Things have a way of coming out just before elections.
Recently, we learned the top dogs in the Dixon Police Department don't much like Lee County Sheriff John Varga, who is facing Dixon police Officer John Simonton in the March 18 GOP primary. They say he doesn't play well with others. And they assailed him for putting out a news release last year that, they say, may have caused suspects in a 1983 killing to flee. Even the state's attorney's office chimed in with that criticism.
Nonetheless, Varga apparently has a lot of support on the County Board and even drew the endorsement of Lee County's congressman, Adam Kinzinger. The County Board's backing surprised me a bit, given that Varga has minced no words in criticizing the board's handling of budget issues. Perhaps the board likes someone who tells it as it is.
The 1983 murder recently made headlines in our newspaper. We wanted to do an update on last year's arrest of Steven Watts, 56, of Berryville, Ark., who is accused of killing another man and dumping the victim near Franklin Grove.
His arrest is a year old, so we figured it was time for another story. After it was published, Dixon police Lt.
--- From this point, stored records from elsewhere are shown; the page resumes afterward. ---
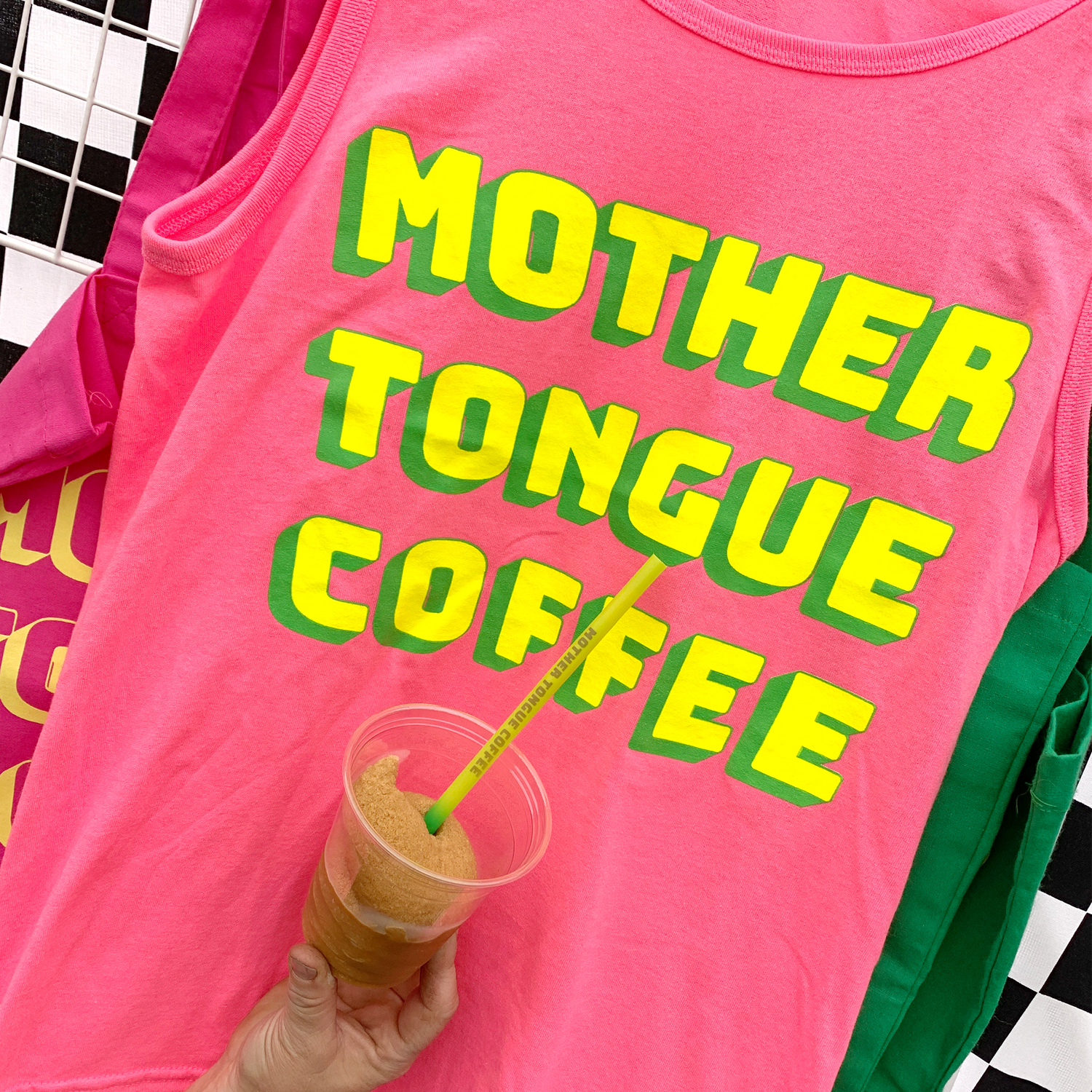 Neon pink Mother Tongue Coffee muscle tee tank top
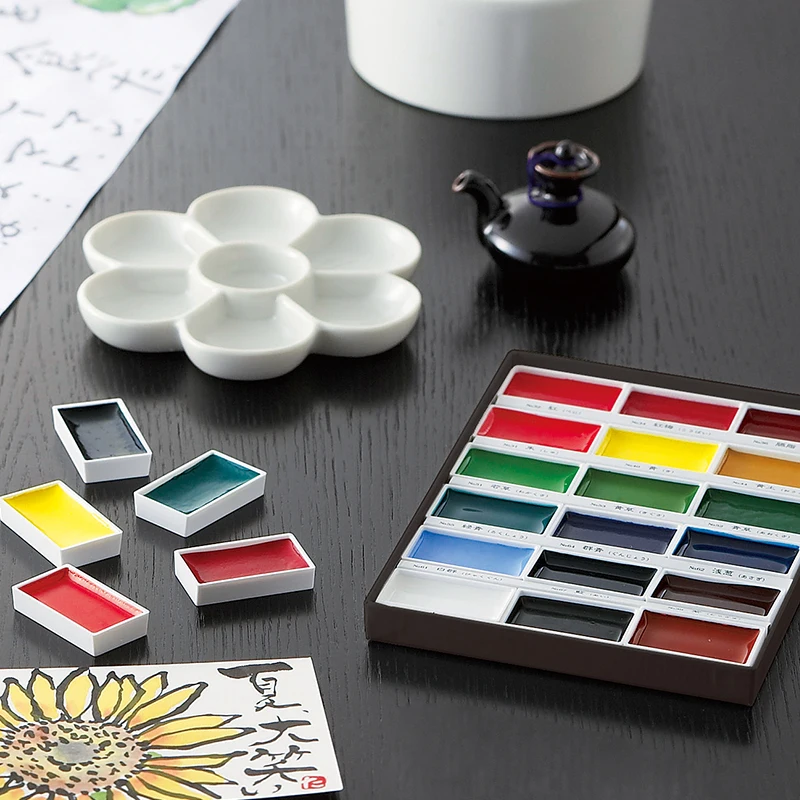 12/18/24/36/48 Colors Portable Travel Solid Pigment Watercolor Paints Set With Water Color Brush Pen For Painting Art Supplies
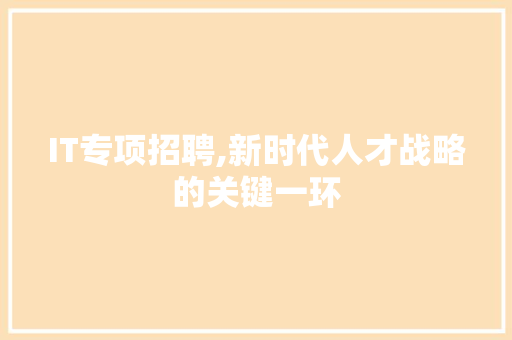 IT专项招聘,新时代人才战略的关键一环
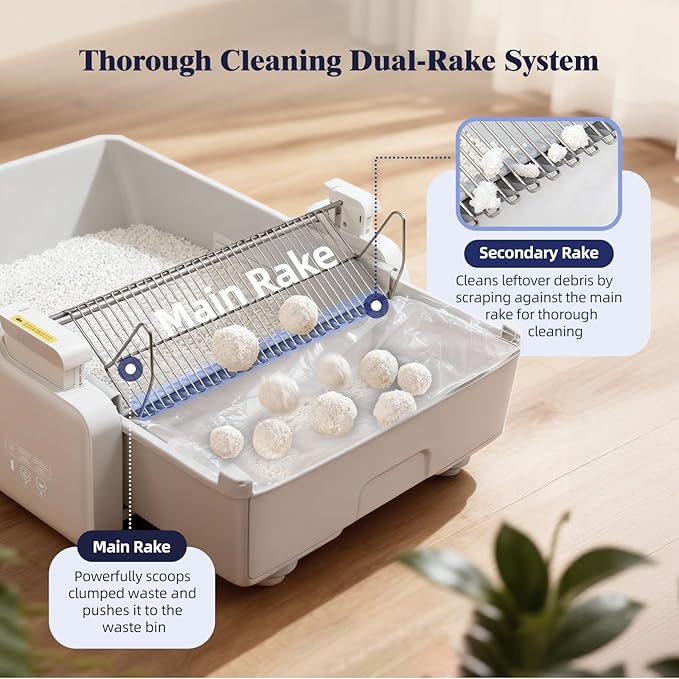 Self Cleaning Cat Litter Box - Fully Open Automatic Litter Box with Roomy Space+Vis Waste Bin, APP for Mutil Cats, Weight Sensors Anti Pinch Safety, Inlude 5Lb Compatible Cassva Litter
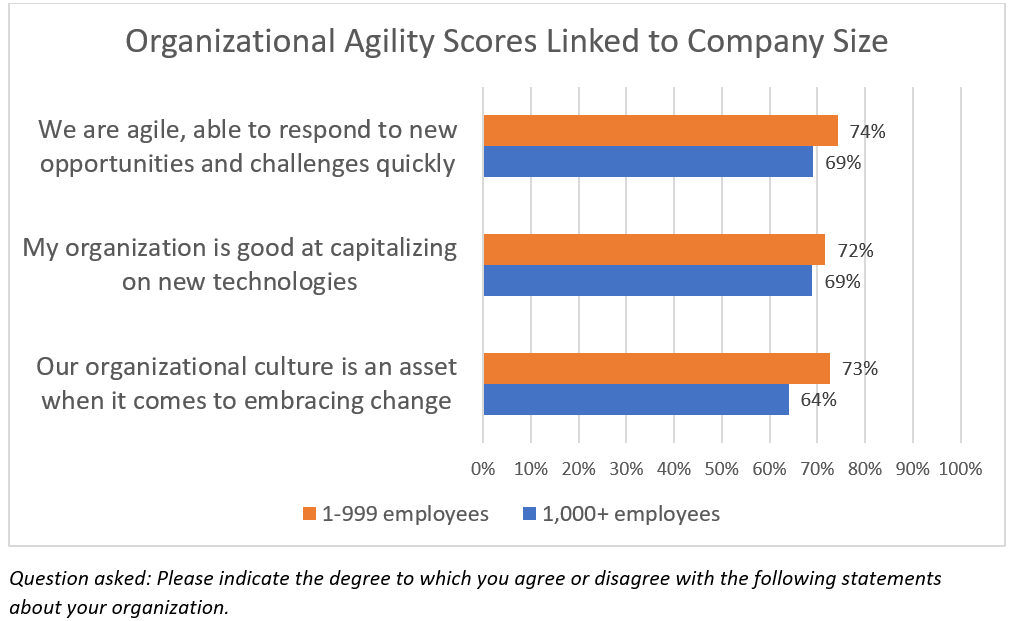 Organizational agility scores linked to company size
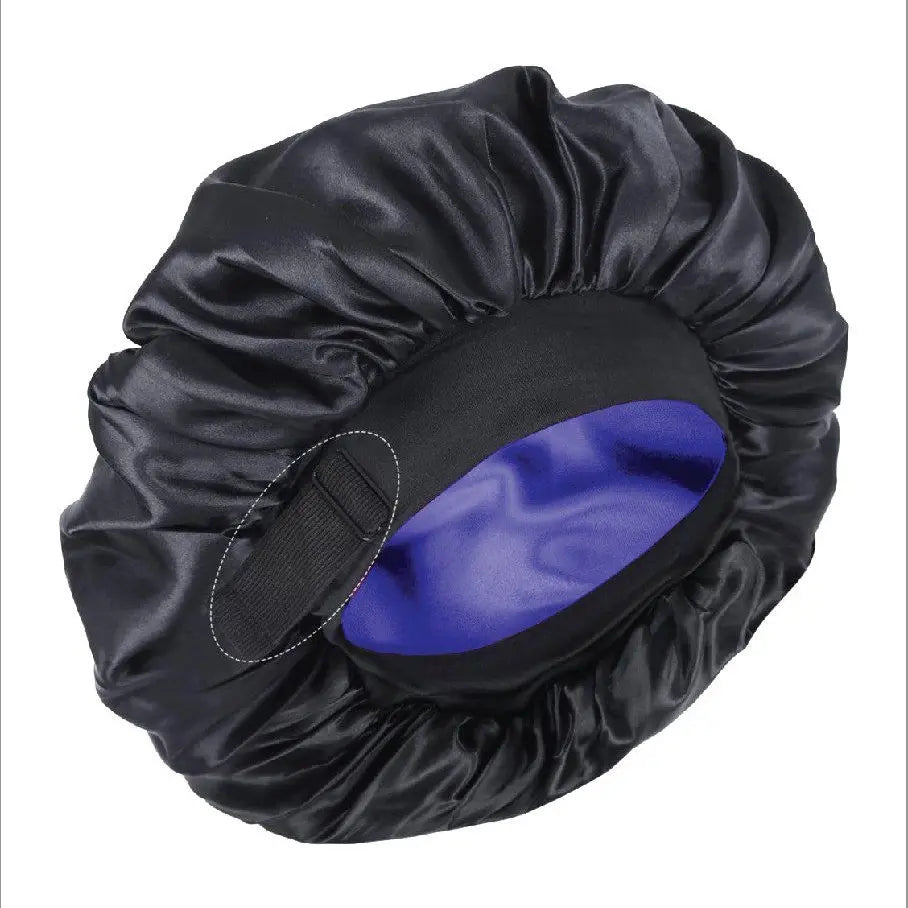 Silk for Sleeping Double Layer Satin Adjustable for Black Woman Sleep Cap Reversible Hair for Curly Hair (Blackandpurple) Love Lucy Bonnet Hats Daily Heatless Elastic Haircare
Brad Sibley, the police department's second-in-command, sent us a letter to criticize the sheriff for sending a news release to Arkansas media about Watts' capture in Arkansas. "[S]heriff Varga might as well have called the other murder suspects and told them to run and hide!"
Police Danny Langloss said he didn't disagree with anything in the letter. He said he backed Simonton "100 percent."
Our story gave Sibley and others an opening. If we hadn't done an update, though, this issue was bound to be refought before the election.
After publication, some readers asked why we would do a story on Sibley's letter. They contended it wasn't news.
Of course, it was. Law enforcement agencies often talk about the importance of cooperation, so when the leaders of one department criticize the head of another, that's news. It's not an everyday event.
As it stands, Dixon police officials back Simonton. And so do some other officials, including 911 director Shelley Dallas and Kevin Lalley, the county's emergency management director.
So far, though, no sheriff's employees have publicly backed Simonton. Does that imply they back Varga? Or are they afraid to speak out against the boss?
I don't know, but if employees decided to make a public statement, it'll likely happen before the election, not afterward.